Attachment #443464 - Flags: feedback?(adw) → feedback-
(In reply to comment #76)
> (I know Places allows bookmarks that aren't
> backed by a page in moz_places, but IMO that's unnecessary, and we shouldn't
> bubble up that design into a new query API.)

nope. anything with a URI has a record in moz_places. in the unvisited bookmark case, the moz_places row just has zero visits.
(In reply to comment #76)
> ResultItem.getChildren should only be present when the result item is a
> container.  And "open" or "expand" might be a better name.

yeah, something like open(callback) would be nice.
(In reply to comment #76)
> I'd like to see pages at the center.  So instead of thinking "Do I want to
> search bookmarks, pages, or visits?", I want to think "I want to search pages
> that are bookmarked" or "pages that are visited" or "pages that are bookmarked
> and visited" or "all pages". 

this cuts away visits (since you have more visits than pages, and visits to the same uris) and containers (folders, queries). since this is expected to replace our current query system in future, we can't really just have everything around pages. Sure I'd like to have pages in the middle, but that would require dropping boolmarks hierarchies as I already said, and I think we (and our users) are not ready for that.

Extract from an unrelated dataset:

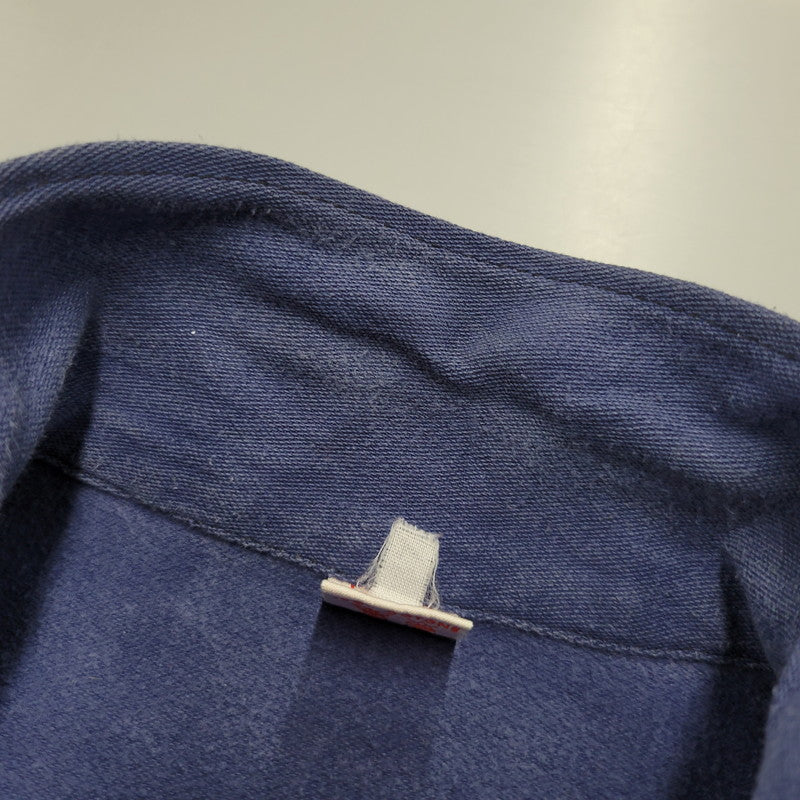 【現状渡し品】【メンズ】 FRENCH VINTAGE フレンチ ヴィンテージ SICUR SYSTEM シクール システム 70-80S MOLESKIN WORK JACKET モールスキン ワーク ジャケット アウター 146-260217-cs-18-izu サイズ：不明 カラー：ネイビー 万代Net店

(I know Places allows bookmarks that aren't
> backed by a page in moz_places, but IMO that's unnecessary, and we shouldn't
> bubble up that design into a new query API.)

Actually only containers and separators, but as I said before, visits are an issue, considering everything grouped by uri is different from getting latest visits.

> "where" is a little confusing.  The value of one property on an object
> shouldn't change what the valid properties on that object are, and that's what
> "where" does.

Sure, but there is no way to make page the center and have bookmarks hierarchies, separators and visits.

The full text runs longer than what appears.